*Exercise:*
The copy you return should hold only the lines from the top of the data below through the line with "Multifunction sewing machine", each duplicated exactly and with no pictures.

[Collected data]
= Beginning of Section =

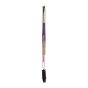 Absolute New York Dual Ended Brow Brush For Eyes - ABMB31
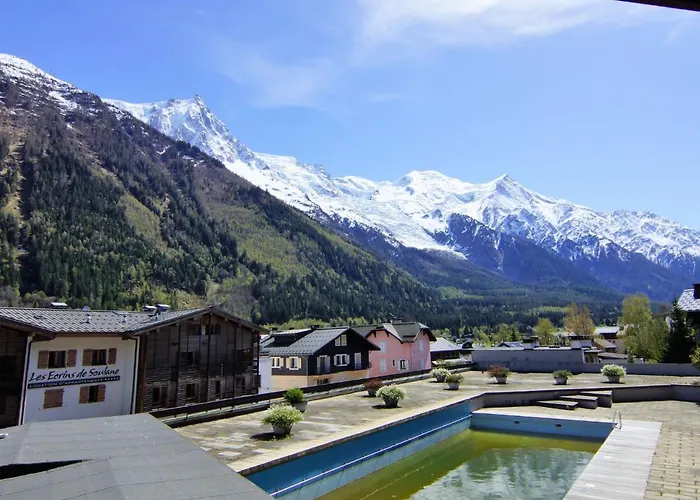 Le Beau Site By Interhome Chamonix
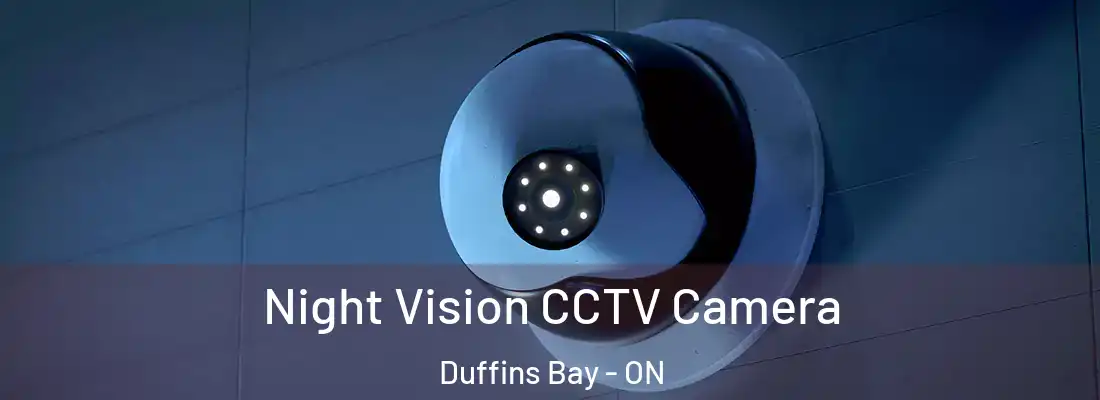  Night Vision CCTV Camera Duffins Bay - ON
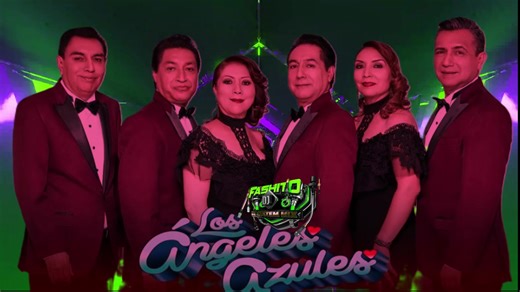 Angeles Azules Mix Bailable Fashito Dj De System Mix link en los comentarios @seguidores | Fashito Dj De System Mix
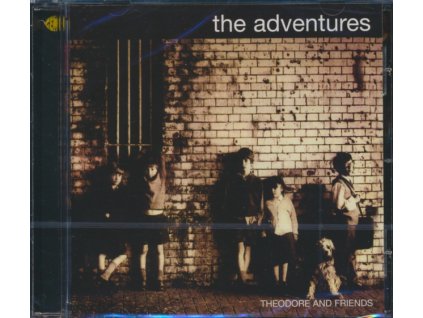 ADVENTURES - Theodore And Friends: Expanded Edition (CD)
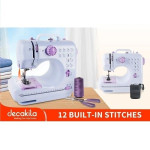 Multifunction sewing machine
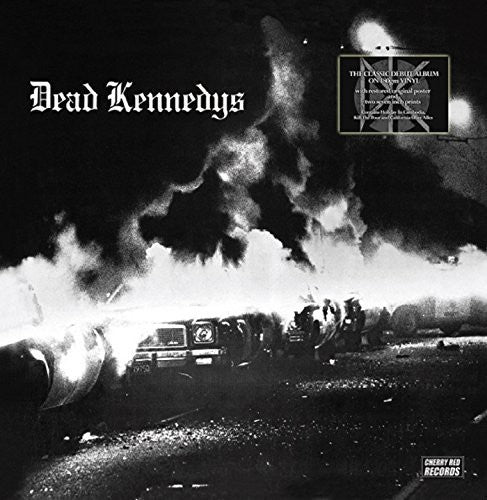 Dead Kennedys: Fresh Fruit for Rotting Vegetables ( RECORD )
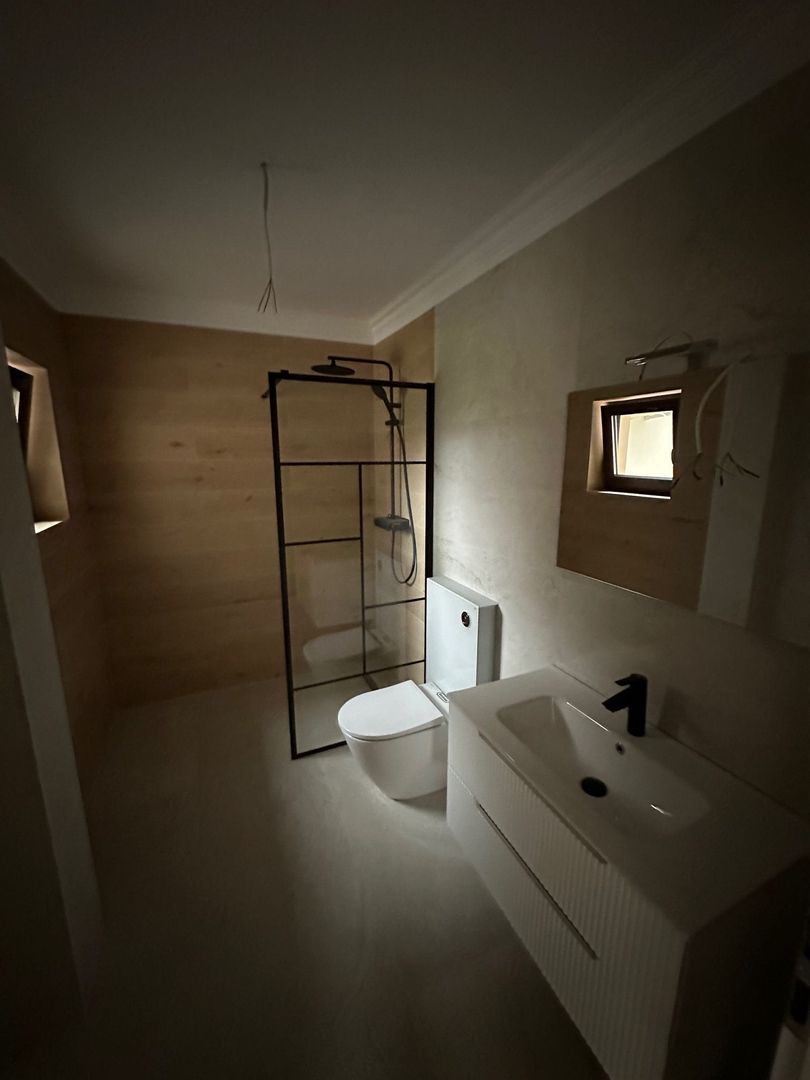 CASA TIP DUPLEX DESPARTIT PRIN GARAJ - Poză 26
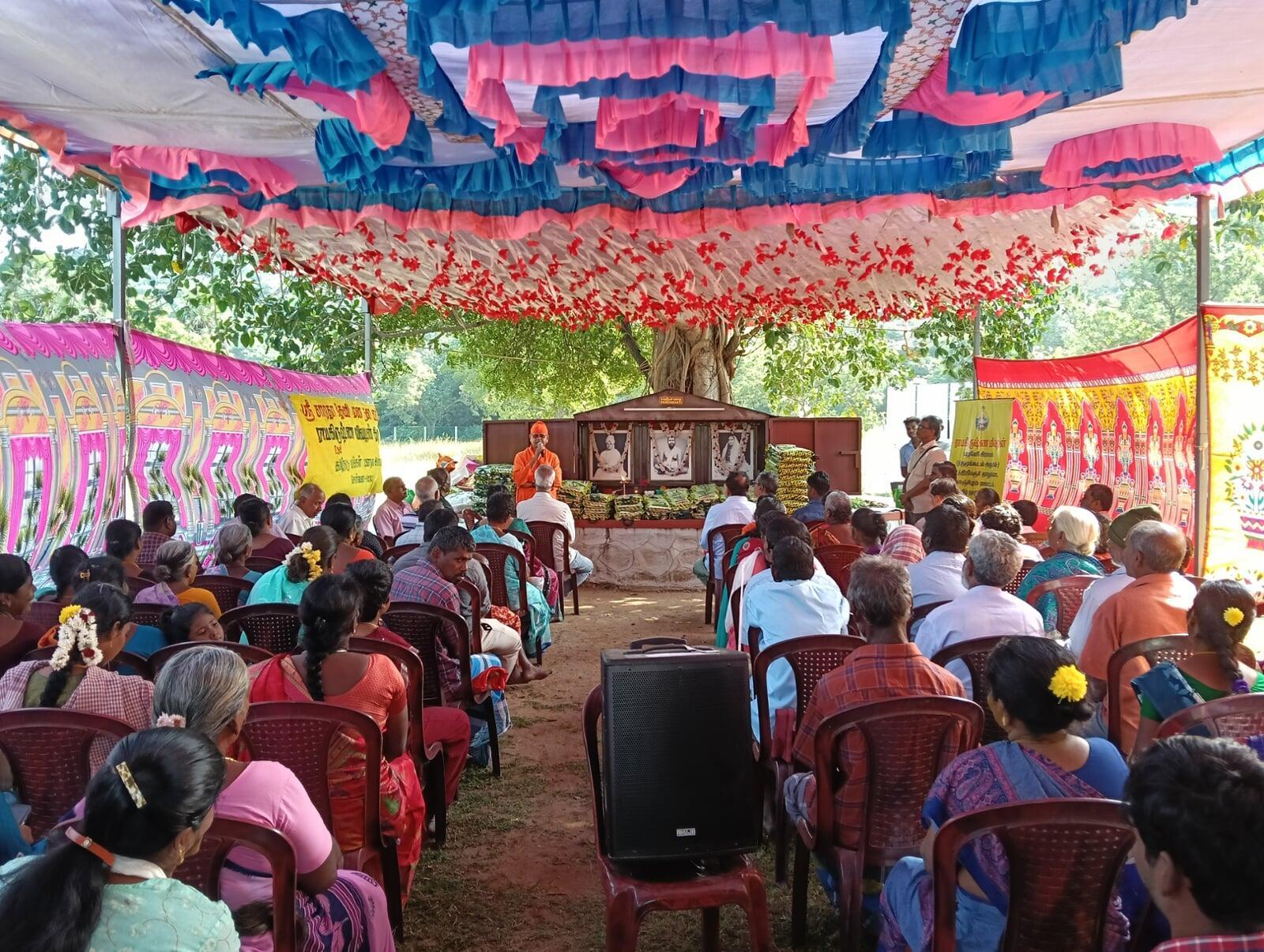 Holy Mother Sarada Devi Jayanthi 2025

= End of Section =

*Final answer:*
 Absolute New York Dual Ended Brow Brush For Eyes - ABMB31
 Le Beau Site By Interhome Chamonix
  Night Vision CCTV Camera Duffins Bay - ON
 Angeles Azules Mix Bailable Fashito Dj De System Mix link en los comentarios @seguidores | Fashito Dj De System Mix
 ADVENTURES - Theodore And Friends: Expanded Edition (CD)
 Multifunction sewing machine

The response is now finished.